言葉は理屈も大事ですが、体験や慣れがより大事だと思います。
使いながら、少しずつ分かっていくのではないかと思います。
細かいニュアンスは、使うことでクリアになると。
50代・60代の教師にこそ向いている教え方
実は私は、
50代・60代の先生ほど、こういう教え方に向いているのではと思っています。
もちろん、
全ての知識を備えているに越したことはありませんが、
ストラテジーとしての方法論を持つことは大事なことだと思います。
年齢を重ねると、
さまざまな経験があるから、物事の本質が見え、
「本当に必要なのは、これだな。
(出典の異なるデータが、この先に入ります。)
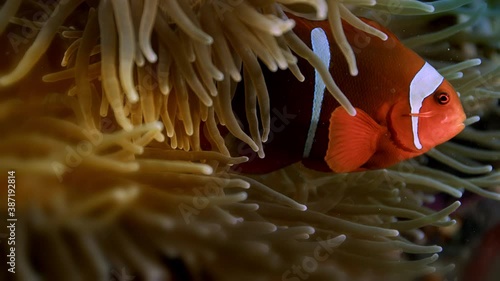 A Spinecheek anemonefish (Premnas biaculeatus) snuggles into the tentacles of its host anemone, Raja Ampat, Indonesia, slow motion photo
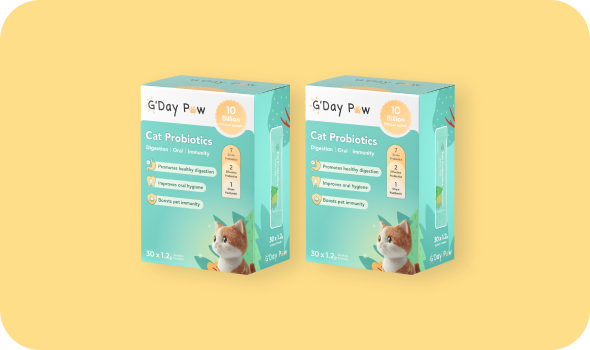 Uploaded Product Image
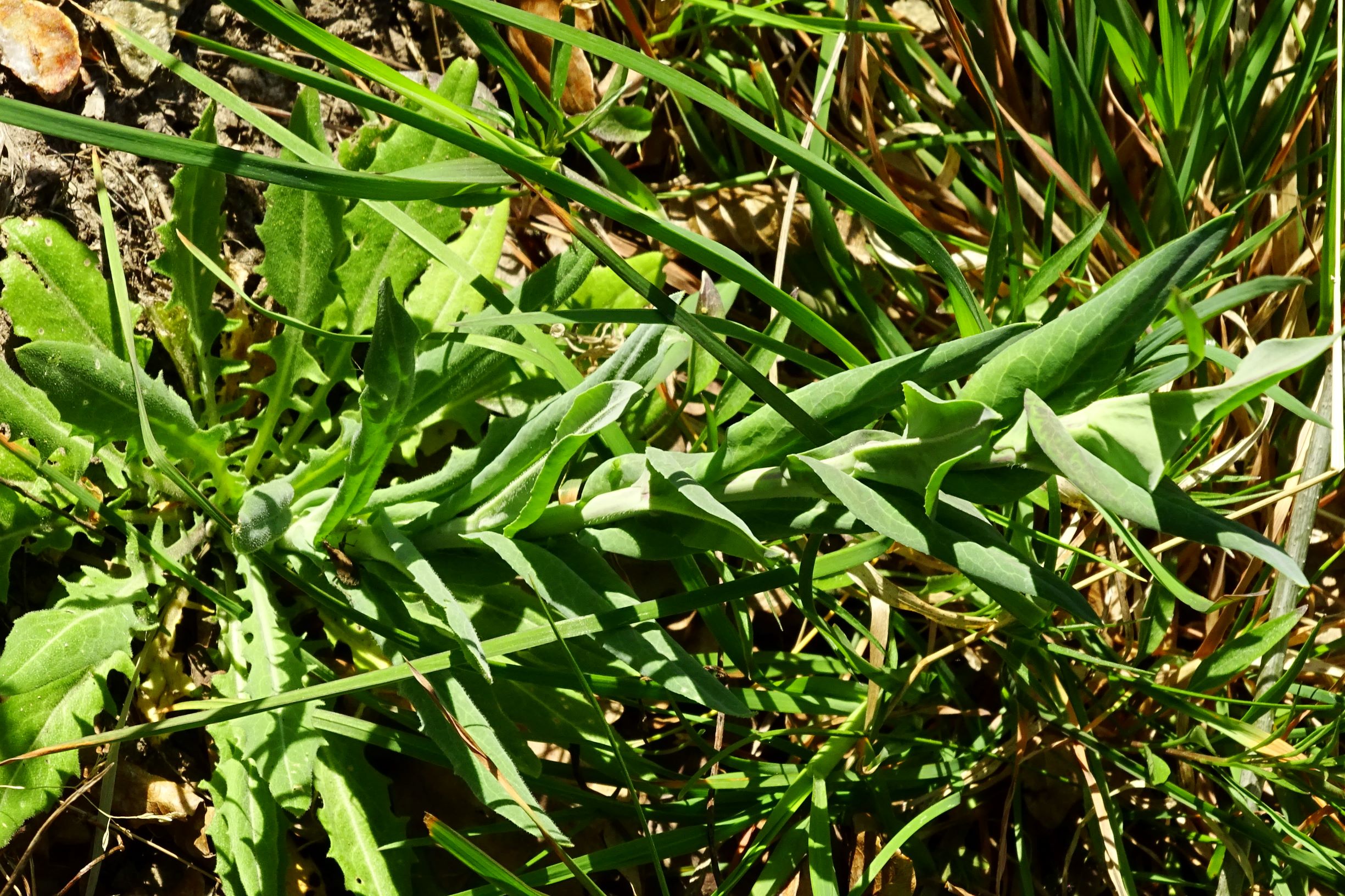 DSC09961 breit oben arabis glabra.JPG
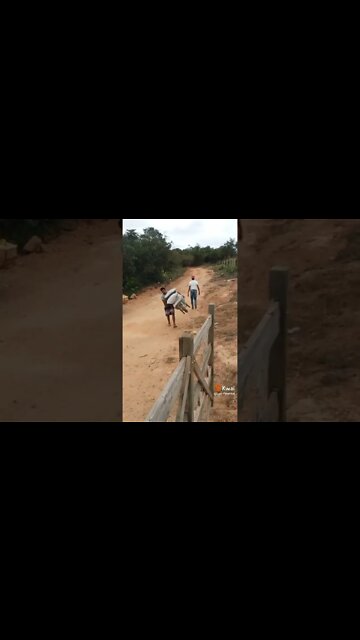 ae que burro da zero pra ele #shorts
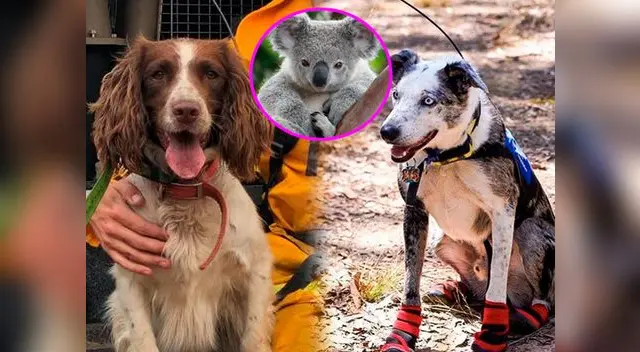 Los koalas se camuflan en lo alto de las copas de los árboles y son difíciles de detectar para el ojo humano, pero no para los canes Los koalas se camuflan en lo alto de las copas de los árboles y son difíciles de detectar para el ojo humano, pero no para los canes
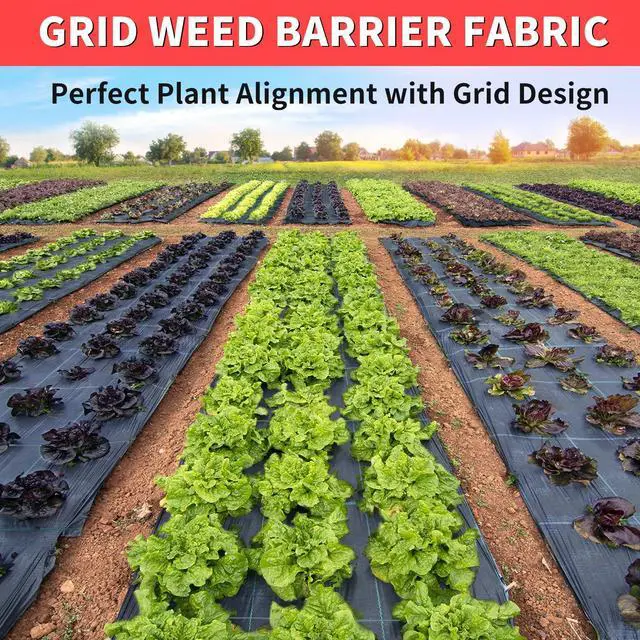 Alt view image 2 of 7 - 6ft x 300ft Landscape Fabric -Heavy Duty Weed Barrier Fabric for Landscaping, Weed Blocker Cloth,Geotextile Fabric for Garden, Driveway & Ground Cover, Garden Weed Mats,Grid Design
」
と削ぎ落とせるようになるのだと思います。
日本語教育も同じです。
知識の量より、
相手の表情を見ることや、
伝わったかどうかを感じ取ること。
その感覚こそが、教師の力ではないかと思っています。
これはまさに「共育」です。
教師が一方的に教えるのではなく、
教師も教えながら共に育っていく。
その姿勢があれば、
『は・が』だって怖くないと思えます。
おわりに
『は』と『が』。
日本語教師泣かせのふたつの助詞ですが、
最初の一歩としては、
は = 後ろが言いたい
が = 前が言いたい
この感覚で十分ではないでしょうか。
あまり難しく考えすぎなくても・・・。
日本語は、
確かに難しくもあるけれど、でも、やさしくもできる言語だと思います。
その「やさしさ」を選択するのは、
私たち教師ひとりひとりなのだと思います。
これから日本語教師を目指す方も、この姿勢を持っていれば、
スムーズに教師活動をすすめることができるかもしれませんね。